Prime Minister David Cameron speaks to staff at Utility Warehouse in Hendon, England, May 5, 2015. For the leader of the "stay" camp, the U.K.s vote to leave the EU means the end of his tenure. Getty Images/Rob Stothard

The British public voted Thursday to leave the European Union, providing a stunning end to a debate that raised profound questions around the meaning of sovereignty, statehood and what it means to be British.

On each side of the discussion around the British exit, or Brexit, stood a wide array of politicians, celebrities and other public figures, in the U.K. and abroad. Here’s some of the popular figures who found themselves on the losing end.
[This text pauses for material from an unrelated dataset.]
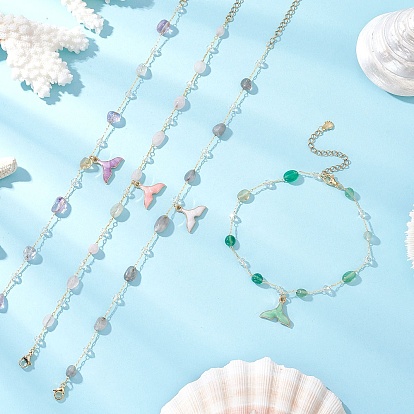 4 шт. 4 стили латунь ручная работа натуральный морганит и аметист и лабрадорит и зеленый оникс агат (окрашенный и нагретый) самородки звенья цепи сплав эмаль китовый хвост подвеска браслеты на ногу для женщин, золотые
David Cameron, prime minister of the United Kingdom

The leader of Britain’s government was also the nation’s most steadfast proponent of staying in the EU. Yet it was Cameron who decided to hold the referendum in the first place, an attempt to assuage the pro-Brexit wing of his Conservative party. The vote soon turned into a barometer of the confidence the party held in Cameron as leader.

Throughout the campaign, Cameron cited the consensus among economists: that a Brexit could do real harm to British trade and industry. But despite warning that leaving the EU would be the “gamble of the century,” an “irreversible” risk and even a threat to the 70-year peace of Europe, Cameron failed to tamp down widespread support for the leave camp.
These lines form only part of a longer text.